New driving test trial

The blackpool evening gazette has interviewed one if the local instructors in the new test trial. I will be writing a report in the page itself soon. In the mean time read on. Resort is in gear to trial driving test changes
Published: 18 February 2015

Losing your ‘L plates’ is every learner driver’s dream, but major changes could be on the way for the driving test – with Blackpool one of the first test centres to trial the measures.

Plans to overhaul the driving test have been revealed by the Driver and Vehicles Standards Agency – with the resort’s test centre at Warbreck Hill Road one of 20 throughout the UK picked to trial plans to revamp the practical exam.

John Guest, chairman of the Blackpool and District Approved Driving Instructors Association, said the new measures would be introduced for some drivers in April and continue until the end of the year.

He added: “We were asked earlier on this year by the Driving Standards Agency if we would be interested in trialling the changes.

“Instructors met last month to vote on implementing the plans. If learner drivers pass the test it will count as a full pass.

“It is hoped the changes will focus on more realistic, everyday manoeuvres.”

Features of the new test include the pupil following a pre-set satellite navigation guided route and the turn in the road and reverse round a corner taken out of the syllabus completely.

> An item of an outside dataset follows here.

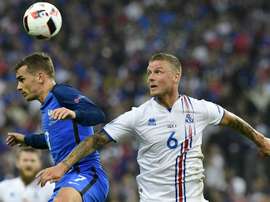 Le défenseur islandais Ragnar Sigurdsson (d) à la lutte avec lattaquant français Antoine Griezmann, en quart de finale de lEuro, le 3 juillet 2016 au Stade de France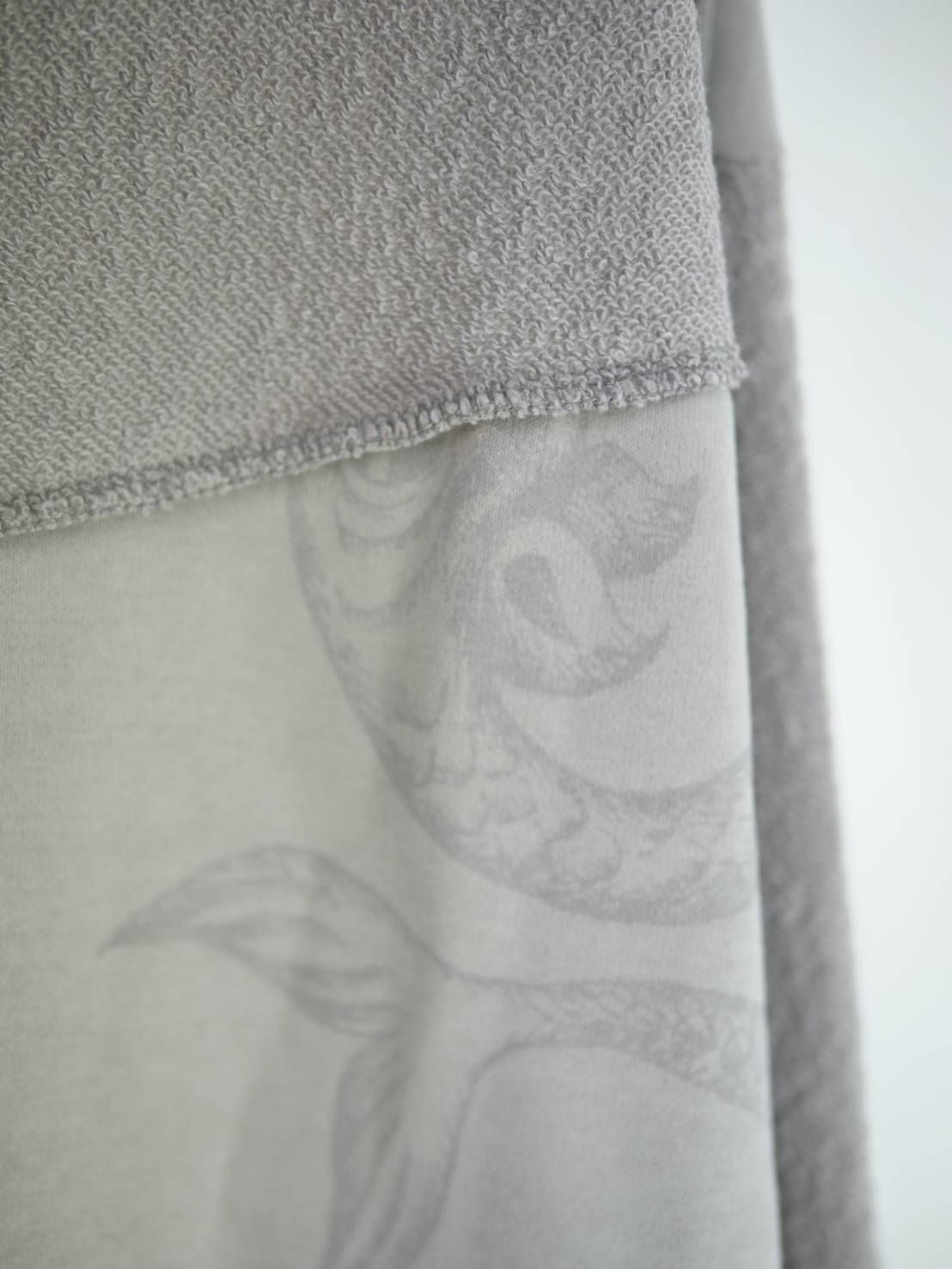 【40代からの大人ZIPパーカー】 立体パズル構造 × 異素材デザインで差がつく、品格カジュアル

Manoeuvres will be added to the test, including pulling up on the right and then reversing back two car lengths, as well as driving into a parking bay and then reversing out before carrying on with the rest of the drive.

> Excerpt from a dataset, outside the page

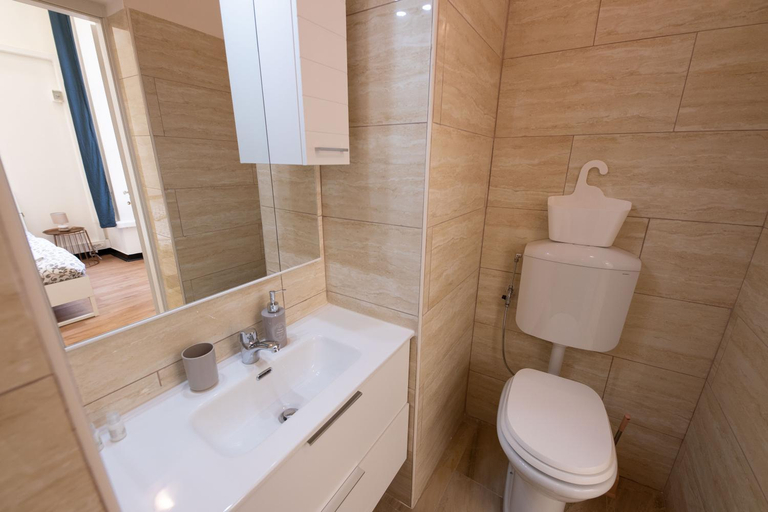 Bathroom 2, Guest House Palazzo Carmine, Genova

One of the ‘show me tell me questions’ – also known as vehicle safety checks – will be asked at the start of the test and another while driving.

Any eventual changes to the practical test would be subject to full public consultation.

Mr Guest said the trial tests, organised by transport consultancy group TRL, will not apply to every pupil, but likely a mix of ages and backgrounds. He added: “Driving instructors who sign up to take part in the trial will not see all pupils involved.

“TRL will decide which of the pupils will be suitable. This is because they need pupils in all categories – young, old, male, female, disabled, non-British.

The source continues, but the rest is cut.